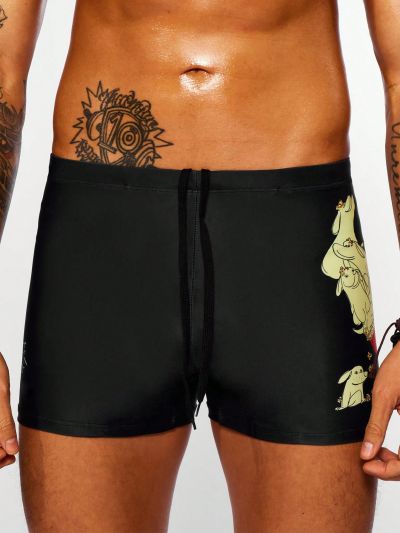 Men's Cartoon Printed Square Leg Swim Trunks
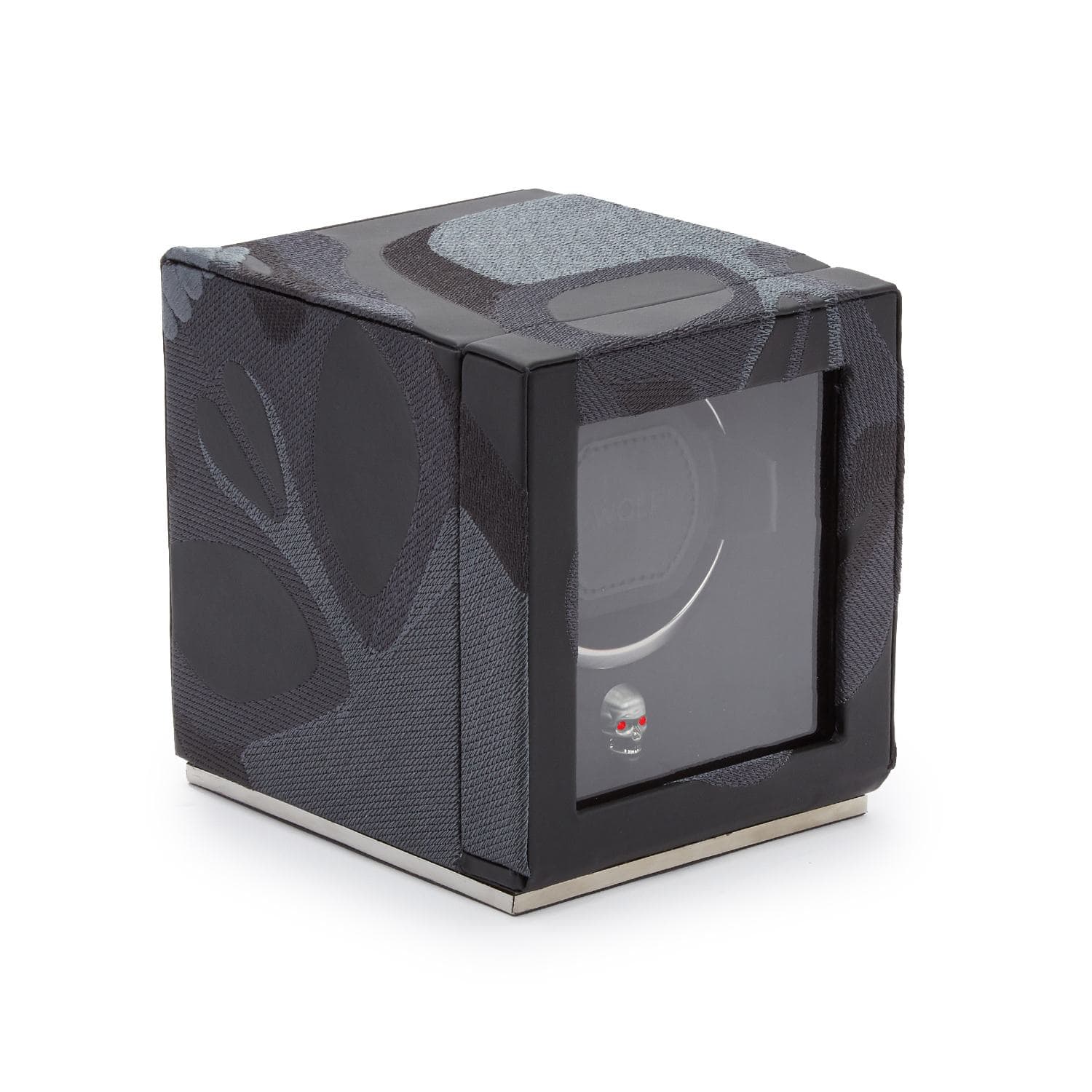 Black Memento Mori Cub Watch Winder | Closed Side View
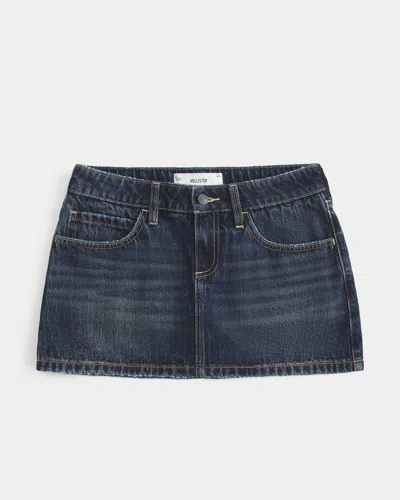 Hollister Low-rise Denim Mini Skort In Blue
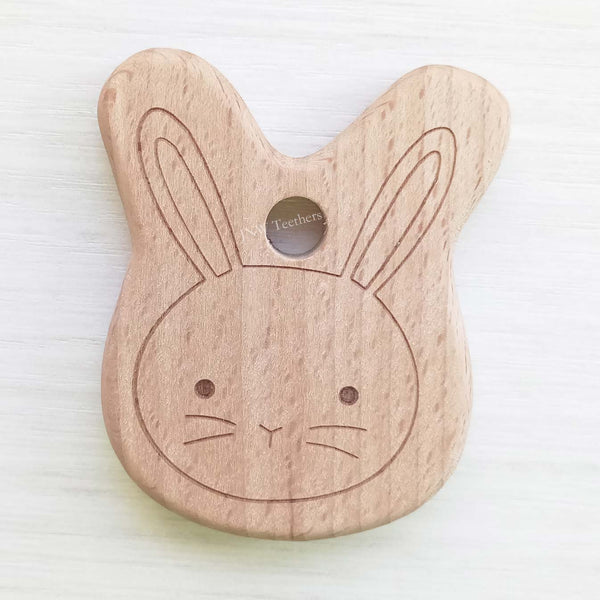 5pcs Rabbit head-Wood Pendants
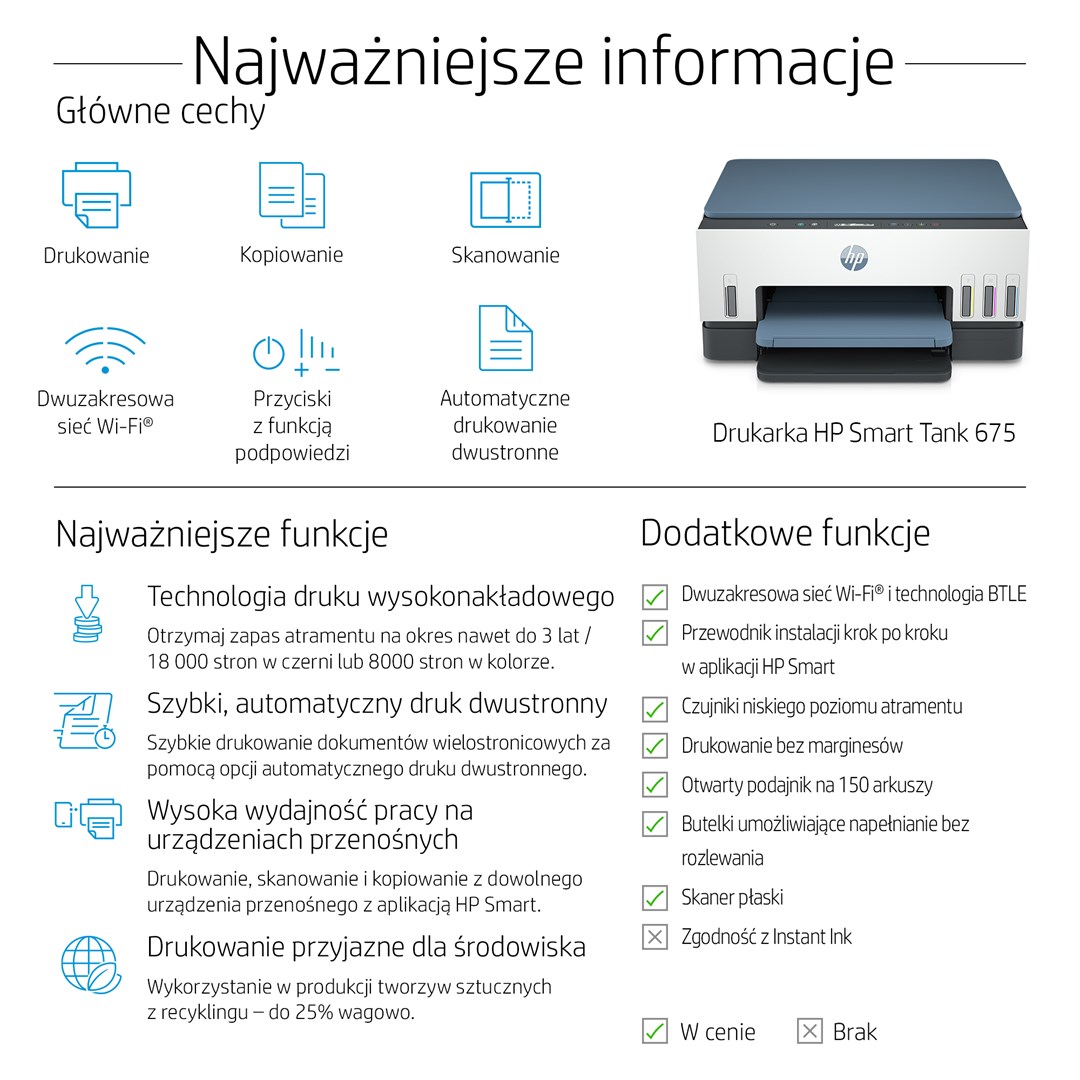 HP Smart Tank 675 All-in-One Thermische inkjet A4 4800 x 1200 DPI 12 ppm Wifi
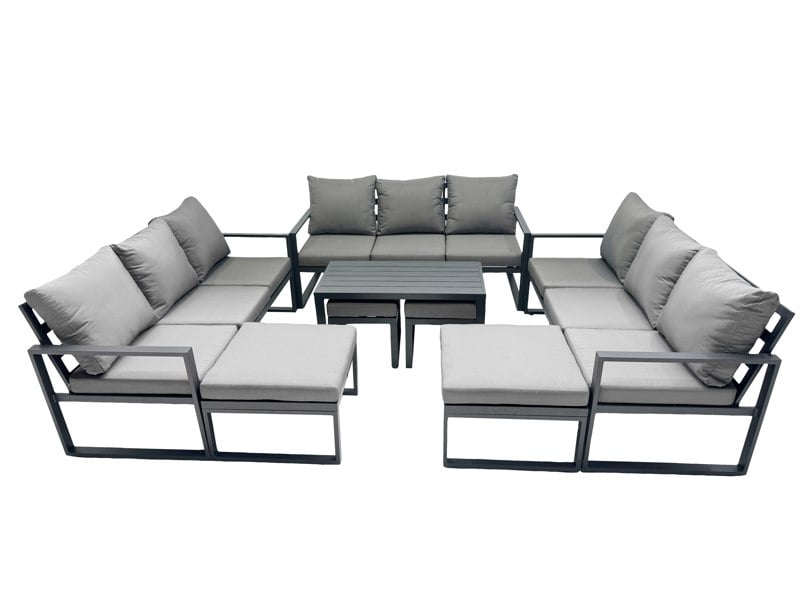 Fimous Outdoor Garden Furniture Set Aluminium Lounge 3 Seat Sofa Oblong Coffee Table Sets with 4 Stools Dark Grey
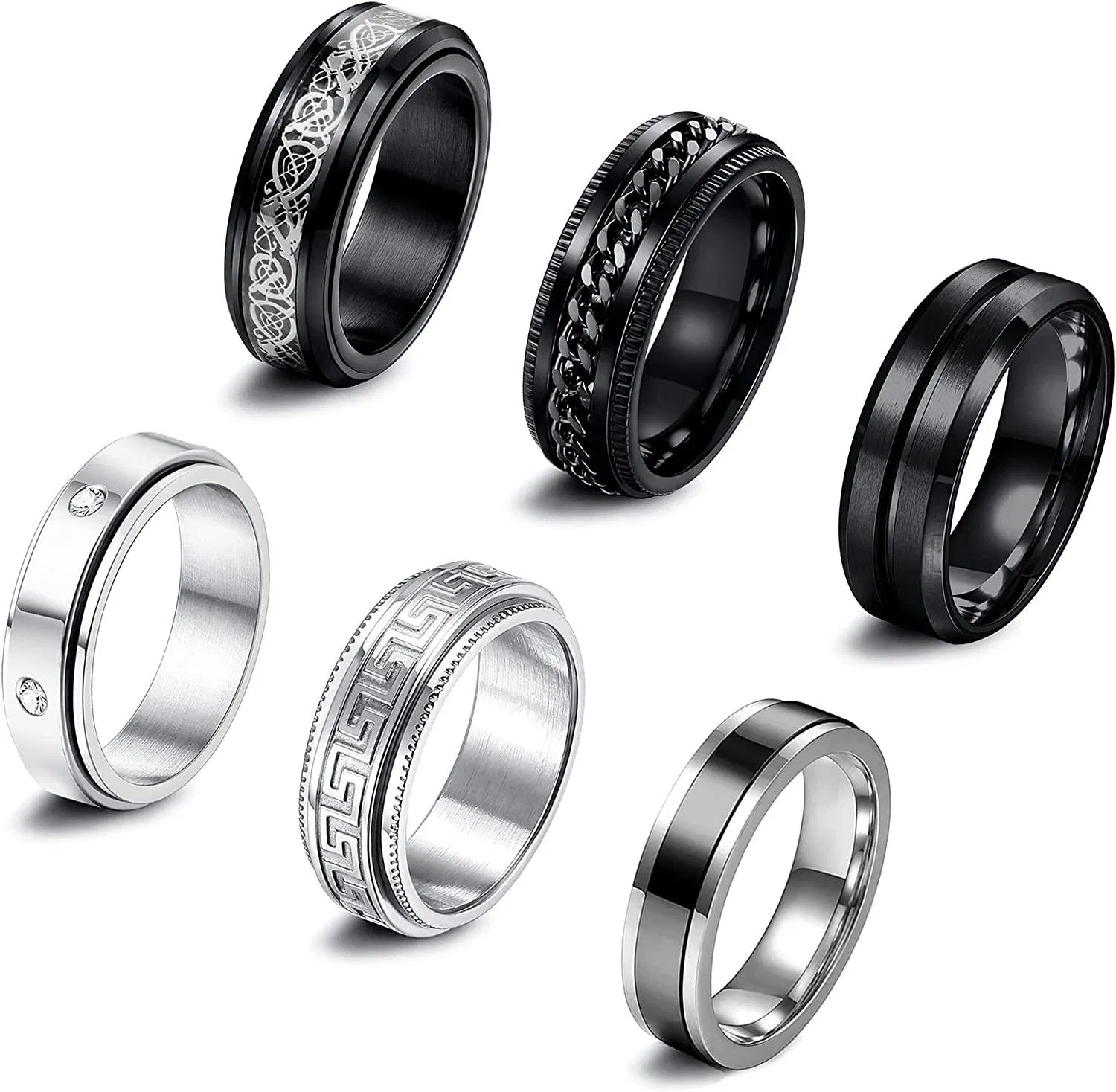 6pcs Schwarz Edelstahl Fidget Spinner Ringe für Männer Frauen Cool Linderung Angst Frieden Ringe für Sorgen Hochzeit Versprechen Band Ringe Set Größe 8
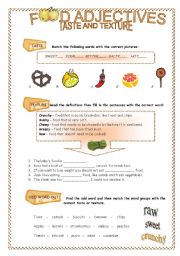 English Worksheet: Food adjectives - taste and texture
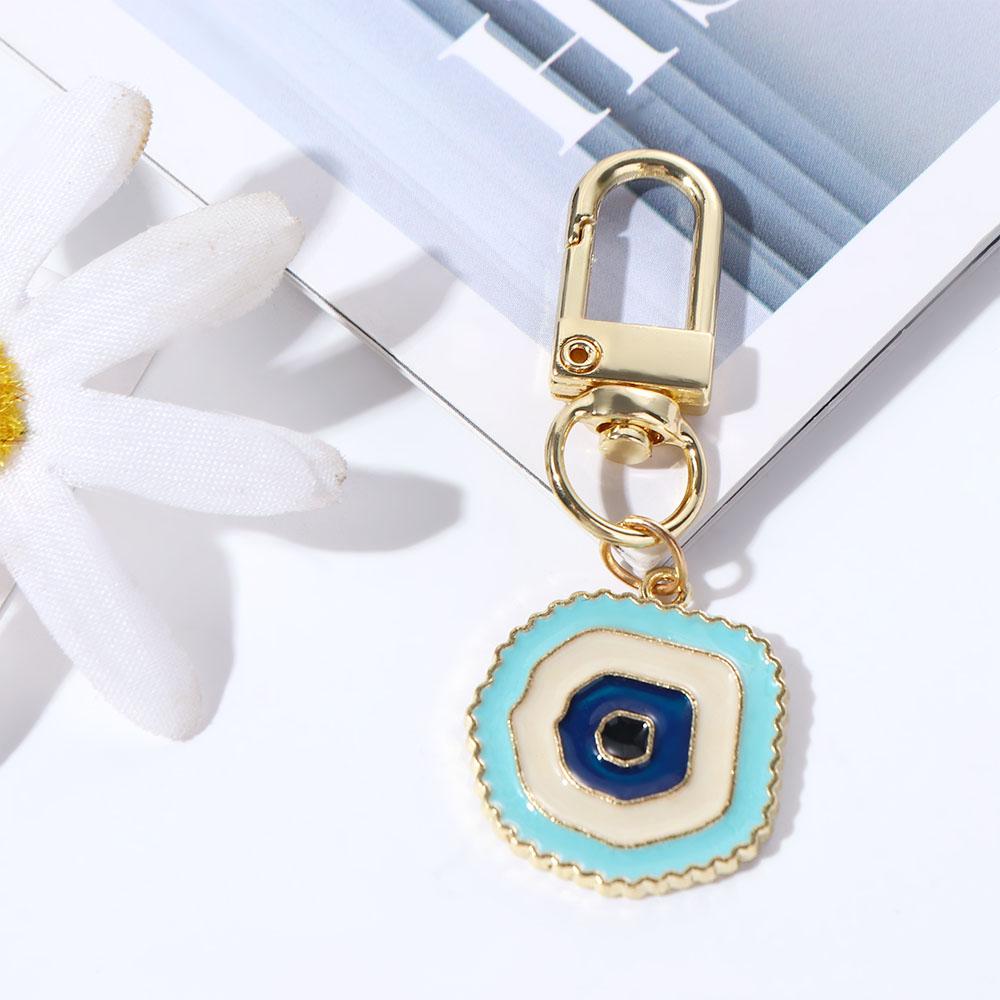 Key Ring Boho Jewelry Handbag Charms Evil Eye Keychain Irregular Heart Keyring Blue Eye Key Chain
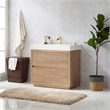 Pemberly Row Single Sink Bathroom Vanity Natural Oak Wood White Top - No Mirror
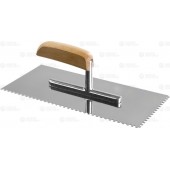 130х280 мм, 4х4 мм, гладилка штукатурная зубчатая нержавеющая с деревянной буковой ручкой, ЗУБР 0806-04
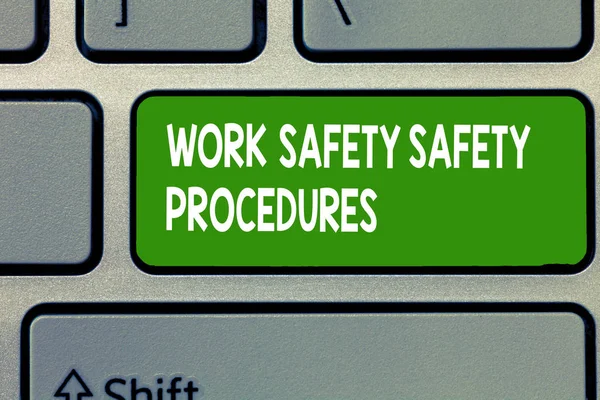 Señal de texto que muestra los procedimientos de seguridad en el trabajo. Métodos fotográficos conceptuales para minimizar el riesgo y los accidentes —  Fotos de Stock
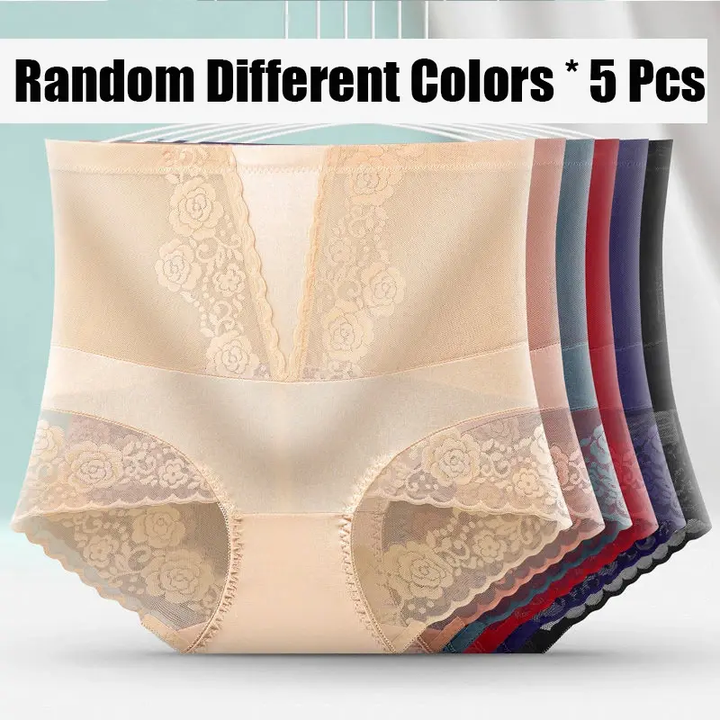 Silk Chiffon Breathable High Waist Abdomen Hip up Panties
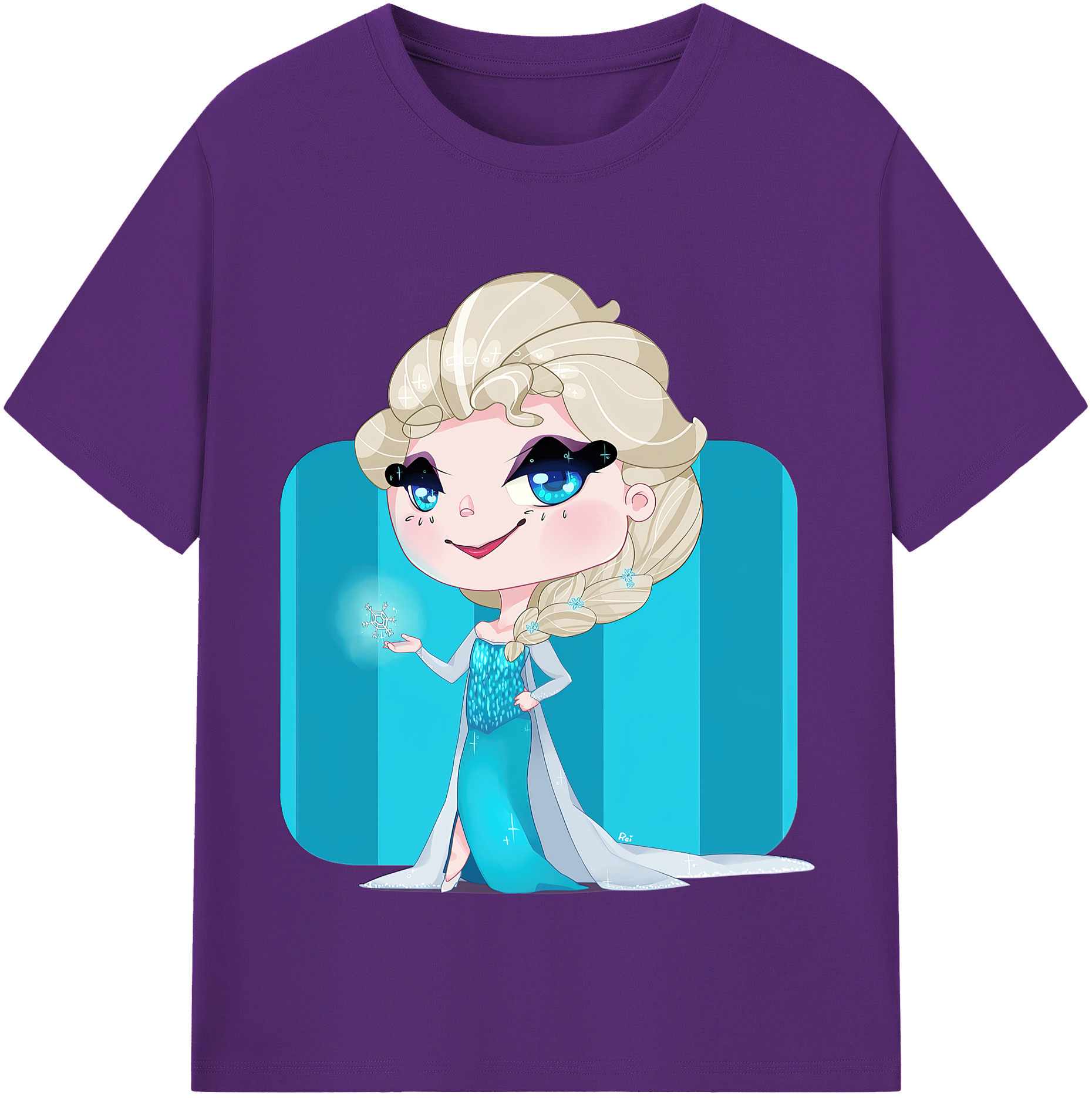 （画像用） アナと雪の女王 アンナ エルサ Frozen Anna Elsa 綿100％半袖Tシャツ（フロントプリント）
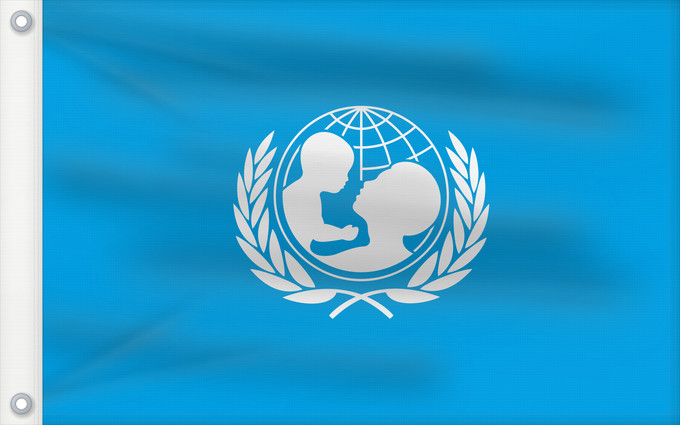 Bandera, con dos ojales metálicos y lado del asta reforzado: UNICEF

- [YOUR INSTRUCTIONS]: Using the entries above, transcribe exactly from the line that has "Black Memento Mori" through the line that has "HP Smart Tank". Pictures are dropped.

- [WRITTEN SOLUTION]:
 Black Memento Mori Cub Watch Winder | Closed Side View
 Hollister Low-rise Denim Mini Skort In Blue
 5pcs Rabbit head-Wood Pendants
 HP Smart Tank 675 All-in-One Thermische inkjet A4 4800 x 1200 DPI 12 ppm Wifi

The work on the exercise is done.